REQUIRED WORK –
Restate word for word all of the lines below, with each image left out.

GIVEN MATERIAL –
[Start of section]

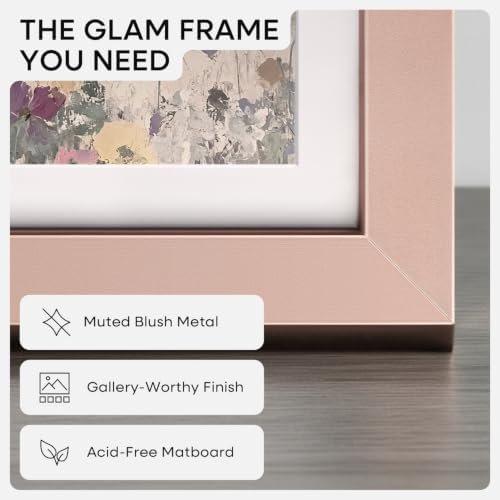 Homeforia 20x20 Rose Picture Frame, High-End Metal, 16x16 Mat, Glass - Image 3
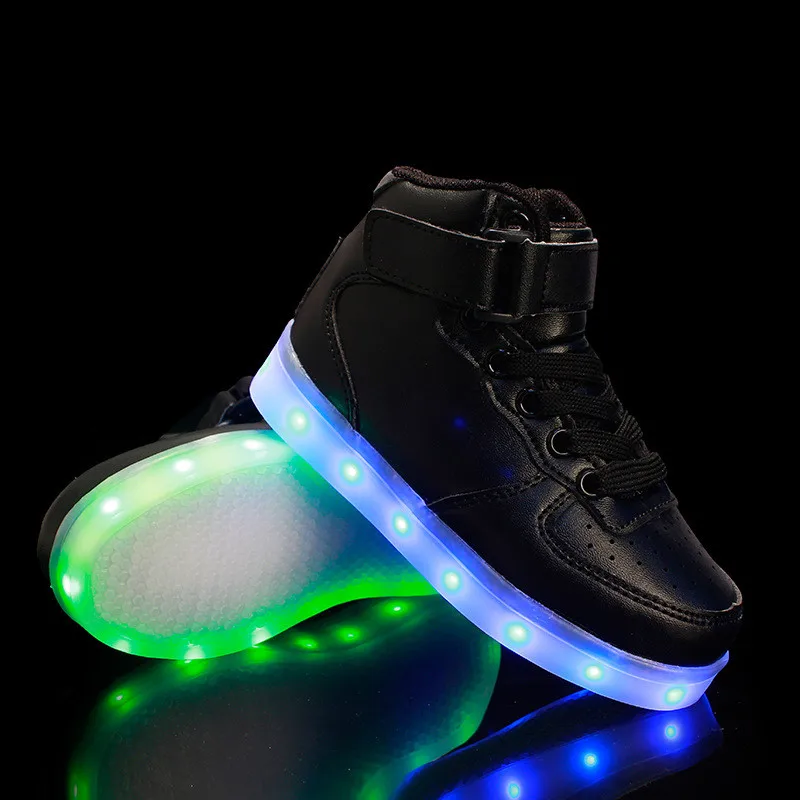 2017 new Slippers Led Kids Lighting Up Shoes Girls Boys Children with Light USB Luminous Sneakers Glowing White | Детская одежда и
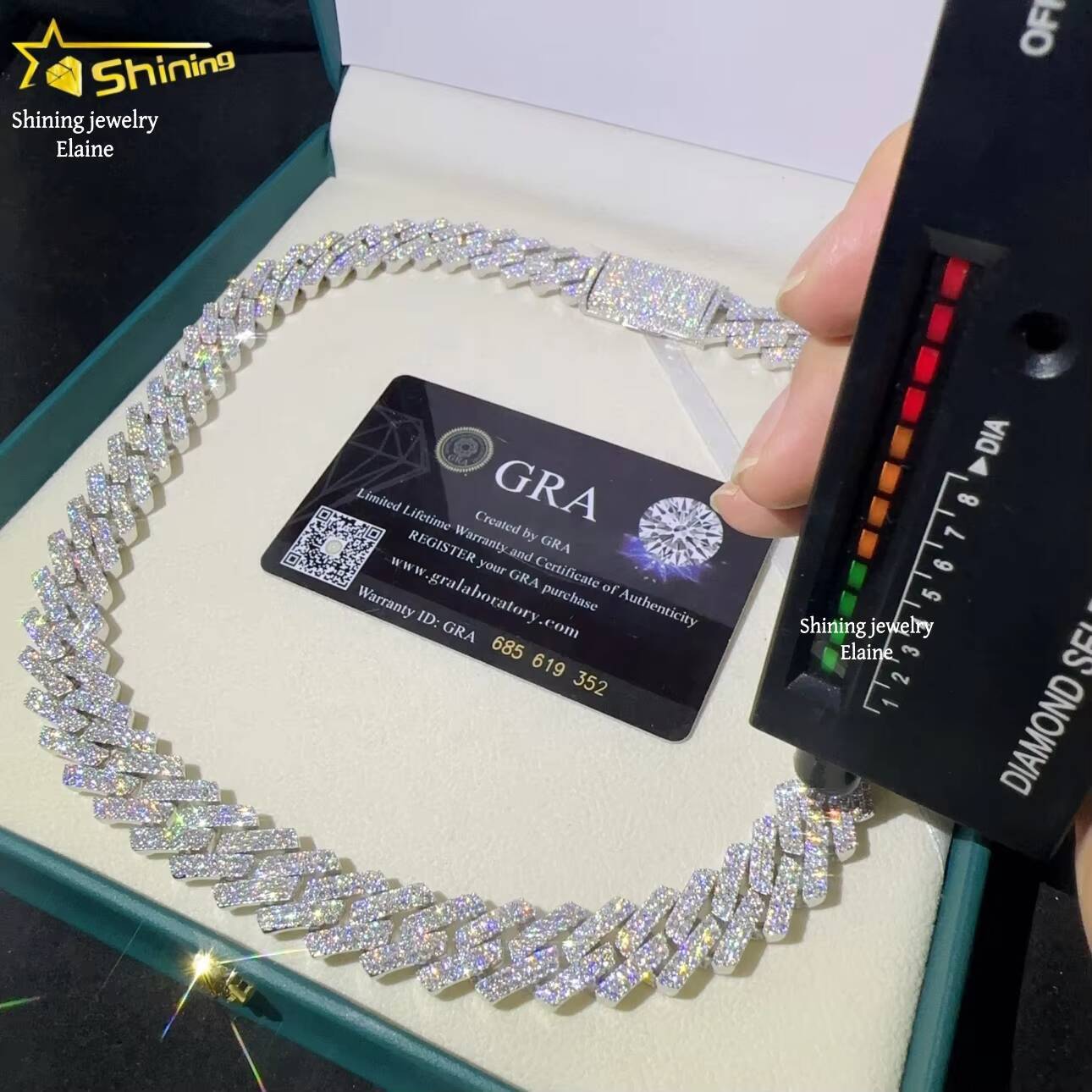 925 Sterling Silver 15MM Iced Out VVS Moissanite Diamond Moissanite Hip Hop Fine Jewelry Miami Cuban Link Chain Necklace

[End of section]

WORKED SOLUTION –
 Homeforia 20x20 Rose Picture Frame, High-End Metal, 16x16 Mat, Glass - Image 3
 2017 new Slippers Led Kids Lighting Up Shoes Girls Boys Children with Light USB Luminous Sneakers Glowing White | Детская одежда и
 925 Sterling Silver 15MM Iced Out VVS Moissanite Diamond Moissanite Hip Hop Fine Jewelry Miami Cuban Link Chain Necklace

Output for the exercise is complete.